An end-to-end, AI-powered web application for real-time, abstractive news summarization using a Seq2Seq LSTM model with Attention — integrated with Django backend, web scraping for live news, and a responsive frontend UI.
In the digital age, readers face information overload from countless news sources.
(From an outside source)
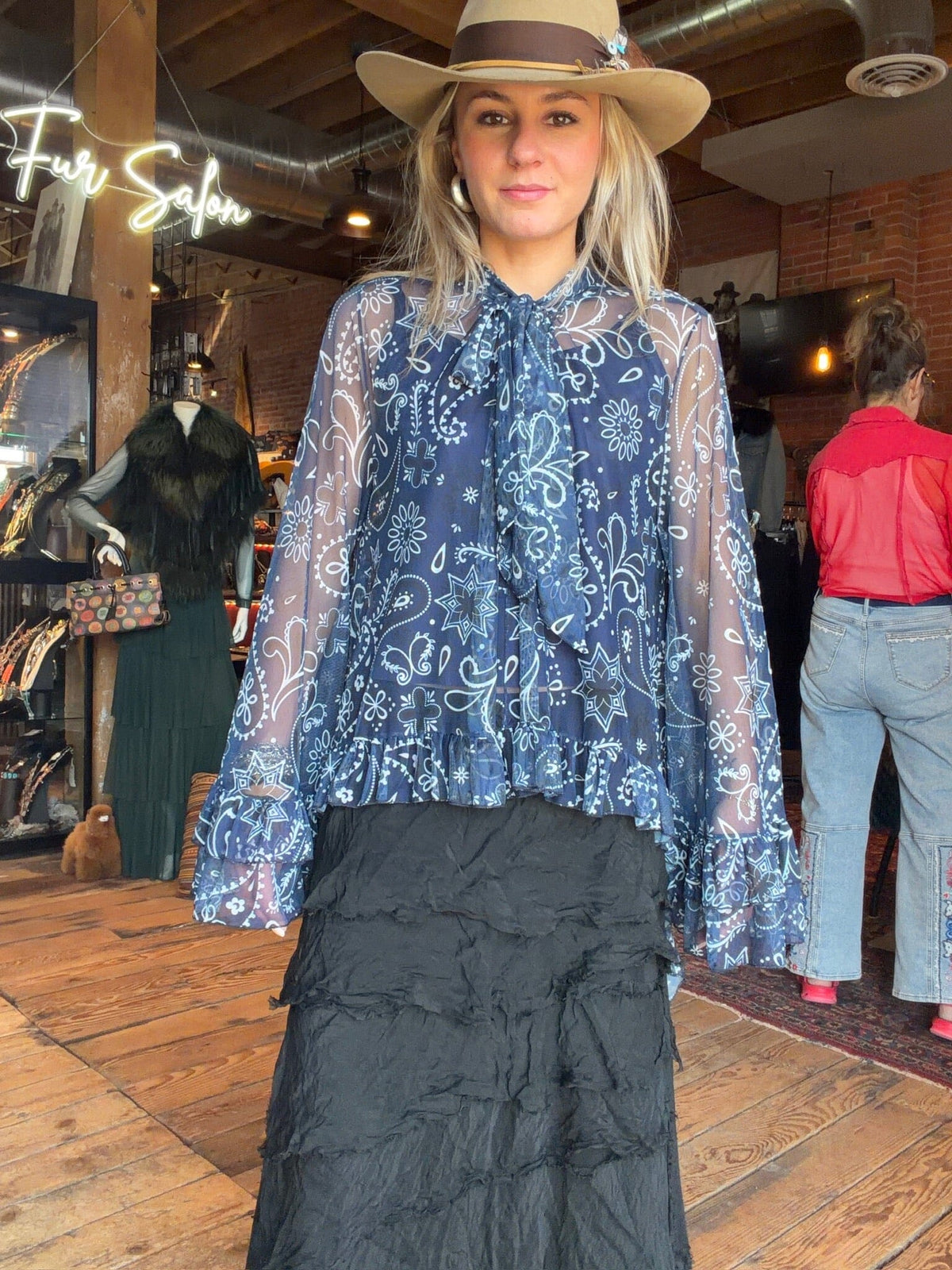 Navy Bandana Print Ruffle Mesh Blouse - 4809NB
Manually scanning lengthy articles is inefficient and impractical.
✅ Solution: Build an intelligent system that can automatically fetch live news articles, summarize them using an AI model, and display them to users through a clean web interface.
Technology | Purpose | Why? |
---|---|---|
Python 3.x | Core language for ML and backend development | High ecosystem support for ML, data, and web frameworks. |
TensorFlow 2.x / Keras | Deep learning framework for model implementation | Native support for Seq2Seq + Attention, easy TPU integration. |
Pandas / NumPy | Data manipulation and numerical computation | Efficient, reliable, and industry standard. |
Matplotlib | Visualizing training metrics | Quick and effective for loss/accuracy plots. |
Contractions | Text normalization library | Handles text cleaning and standardization. |
Django | Backend web framework | Secure, scalable, Python-native framework with ORM. |
BeautifulSoup / Requests | Web scraping of live news articles | Light, flexible scraping for dynamic news updates. |
HTML/CSS/JS (Bootstrap) | Frontend for UI rendering | Rapidly build responsive, clean user interfaces. |
TPU Runtime (Colab/Kaggle) | Accelerated training of deep learning models | Dramatically reduces training time for large NLP models. |
+-----------------+ +----------------+ +-------------------+
| Preprocess | ---> | Encoder | ---> | Attention Layer |
| Clean + Token | | (Bi-LSTM) | | (Context Vector) |
+-----------------+ +----------------+ +-------------------+
|
V
+----------------+
| Decoder |
| (LSTM + FC) |
+----------------+
|
V
+----------------+
| Summary |
+----------------+
|
V
+----------------+
| Django Backend |
| (Model Serving & |
| Web Scraping) |
+----------------+
|
V
+----------------+
| Frontend UI |
| (Responsive App) |
+----------------+
Workflow:
- Load and preprocess dataset — 42,000 articles from Kaggle (
news_summary.csv
) - Clean, normalize and tokenize text (handled contractions, removed punctuations).
- Train a Seq2Seq Encoder-Decoder model:
- Encoder: Bi-directional LSTM
- Attention Layer for context alignment
- Decoder: LSTM + Dense for sequence prediction
- Achieved:
- Final Training Accuracy: 89.62%
- Final Validation Accuracy: 74.08%
- Final Training Loss: 0.7421
- Final Validation Loss: 2.0726
- AUC Score: 0.79
- F1 Score: 0.73
- Model trained on Kaggle TPUs in 180 minutes over 100 epochs.
- Deployed via Django backend providing summarization API.
- Integrated web scraping module fetching latest news articles.
- Served through a Bootstrap-based responsive frontend UI.
- ✅ Automatic real-time summarization of live news.
- ✅ Deep learning-based abstractive summarization.
- ✅ Custom preprocessing: lowercasing, contractions fixing, cleaning.
- ✅ Django-based REST APIs for ML model access.
- ✅ Live web scraping for dynamic news input.
- ✅ Responsive, clean UI to view articles and summaries.
- ✅ TPU-accelerated model training.
- ✅ Final Training Accuracy: 89.62%, Validation Accuracy: 74.08%
- Final Training Accuracy: 89.62%
- Final Validation Accuracy: 74.08%
- Final Training Loss: 0.7421
- Final Validation Loss: 2.0726
- AUC Score: 0.79
- F1 Score: 0.73
- Trained in 180 minutes on Kaggle TPU over 100 epochs.
- Visualized through:
- 📈 Accuracy vs Epoch
- 📉 Loss vs Epoch
- Real-time summaries accessible via Django APIs and frontend interface.
Prerequisites:
- Python 3.8+
- Django
- TensorFlow 2.x
- BeautifulSoup4
- Requests
Steps:
- Clone repository
- Install dependencies via
pip install -r requirements.txt
- Run Django backend:
python manage.py runserver
- Launch frontend via
index.html
- Access real-time summarizer and live news updates
├── major-project-model-final.ipynb # ML model development & training
├── backend/ # Django backend serving model & scraping
├── frontend/ # Web frontend for users
└── README.md # Project documentation
- 📝 Support multilingual summarization.
- 📊 Integrate cloud-based model deployment (AWS/GCP).
- 📲 Build mobile-friendly PWA interface.
- 📈 Use real-time analytics on summary usage trends.
- 🗞️ Extend to additional content categories (sports, finance, health).